Military-Linked Chinese Company Blacklisted by US Has Major Operations in Canada

December 16, 2020 Updated: December 16, 2020

News Analysis

The U.S. Department of Defence on Dec. 3 blacklisted a Chinese state-owned oil company that has a heavy presence across Canada for being associated with the communist regime’s military. The Pentagon encourages parties to consider the U.S. position in their dealings with such companies, a spokesperson told The Epoch Times.

China National Offshore Oil Corporation (CNOOC) is China’s largest offshore producer of oil and gas and was established as the state-owned offshore petroleum company of China in 1982.

Canadian authorities have not made a public statement in response to the U.S. move against CNOOC. However, they have indicated that safeguards are in place to prevent any sizable takeover by a foreign state-owned enterprise (SOE) from ever happening again.

CNOOC has established a solid foothold in Canada that goes far beyond the oilsands. It has a shale gas operation in northeast B.C., a power station and wind farm in Alberta, and two offshore exploration licenses in Atlantic Canada.

The Trump administration has been cracking down on Chinese companies to stem the flow of U.S. investment dollars to China that support the Chinese military. Three major stock indexes have indicated that they will remove blacklisted Chinese firms from their offerings to comply with the U.S. order starting in November 2021.

“Through the national strategy of Military-Civil Fusion, the PRC [People’s Republic of China] increases the size of the country’s military-industrial complex by compelling civilian Chinese companies to support its military and intelligence activities,” according to U.S. President Donald Trump’s Nov. 12 executive order.  

Per the National Defense Authorization Act for Fiscal Year 1999, the U.S. Department of Defence is required to produce a list of communist Chinese military companies operating in the United States.

“We encourage U.S. government entities, companies, investors, academic institutions, and likeminded partners to use this list as a tool for conducting due diligence with regard to partnerships with these entities, particularly as the list grows,” spokesperson Martin Meiners with the Pentagon’s Public Affairs Operations office told The Epoch Times in an email.

Two other Chinese SOEs—China Petroleum & Chemical Corporation (Sinopec) and China National Petroleum Corporation (CNPC)—have also made significant purchases in Canada’s energy sector, and CNOOC made a big splash in late 2012 when it bought Calgary-based Nexen for $15.1billion.

Canada’s Department of National Defence (DND) told The Epoch Times that commenting on Canada’s U.S. decision falls under the jurisdiction of Global Affairs.

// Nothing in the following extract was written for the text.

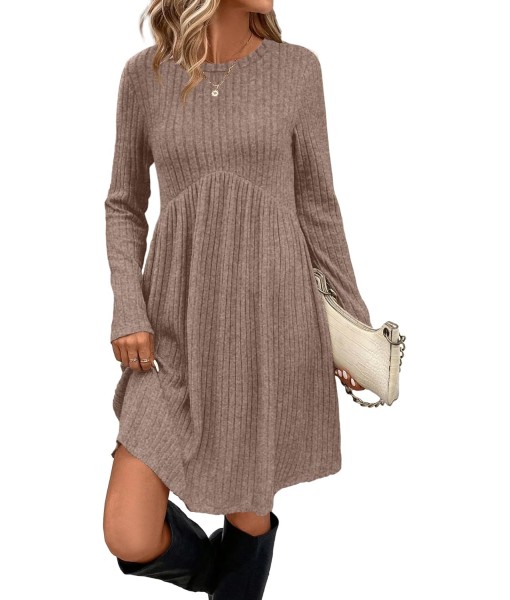 OFEEFAN Long Sleeve Dress for Women Crew Neck Empire Waist Tunic Dress with Pockets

Global Affairs spokesperson Michel Cimpaye advised The Epoch Times that consultations are ongoing and that either Public Safety or Innovation, Science and Economic Development will respond. Neither responded by the time of publication.

Global Affairs had previously taken a view that differed from that of the DND on matters relating to the military, as seen by the recent revelation about China’s People’s Liberation Army (PLA) training in Canada. 

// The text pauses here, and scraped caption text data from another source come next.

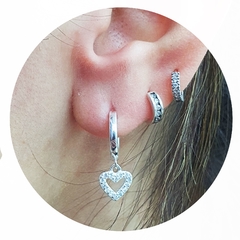 Aros Plata 925 Joyas Argollas Colgante Garantia Corazon 3,4 Gr -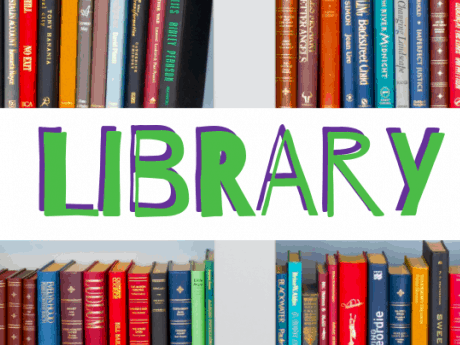 The word, "library," surrounded by books.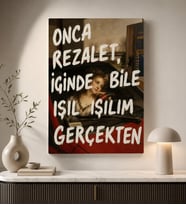 BK Gift Vintage Klasik Sanat Esprili Sözlü Dekoratif Kanvas Tablo - 17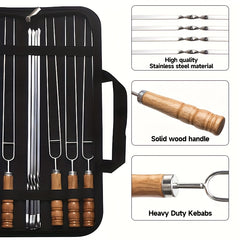 10pcs Stainless Steel BBQ Skewers by Snagg A Skewer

Documents obtained by Rebel News under an Access to Information Act request showed that Global Affairs urged the DND not to cancel engagements with the PLA, saying that Beijing would likely see it as a retaliatory move related to the case involving Huawei executive Meng Wanzhou.

The Canadian Security Intelligence Service (CSIS) would not publicly comment on any impending actions against CNOOC or any other entity that might pose a threat to national security. It referred to provisions in the Investment Canada Act, which reviews and mitigates risks from foreign investments.

Prevention Going Forward

Canada encourages foreign investment. With a low population density and large land mass, significant amounts of capital are needed to build infrastructure and develop industries. 

The Investment Canada Act aims to ensure that significant foreign acquisitions are likely to be of net economic benefit to Canada and will not threaten national security.

Foreign SOEs are known to have objectives beyond producing the best return for shareholders. They are subject to the whims of a foreign government that may run counter to Canada’s national interests.

“Given the inherent risks posed by foreign SOE acquisitions in the Canadian oilsands, the Minister of Industry will find the acquisition of control of a Canadian oilsands business by a foreign SOE to be net benefit to Canada on an exceptional basis only,” according to a 2012 statement on the feds website.

A foreign investment triggers a government review if it’s a takeover by an SOE that exceeds $428 million in asset value. For a private company takeover, that threshold is much higher, going up to between $1.075 billion and $1.613 billion depending on the investor.

Over the years, CNOOC has not lived up to promises made to the feds when it bought Nexen, such as retaining Nexen’s management team and employees. It has since replaced senior Canadian staff with Chinese nationals and laid off workers.

CNOOC’s share price has a one-year return of -39 percent compared to its peers’ average of -22.5 percent. Over the last five years, the stock’s annual return is -12.5 percent. 

CNOOC’s Canadian stock, which trades under the ticker CNU, has fallen like a rock since the U.S. Department of Defence announcement, dropping from about $160 to below $120 starting in late November.

Some other Chinese companies in the U.S. 2020 crackdown include China Telecom, China Mobile, and Hikvision, which makes surveillance equipment that can be used to monitor populations such as Uyghur Muslims in the Xinjiang region.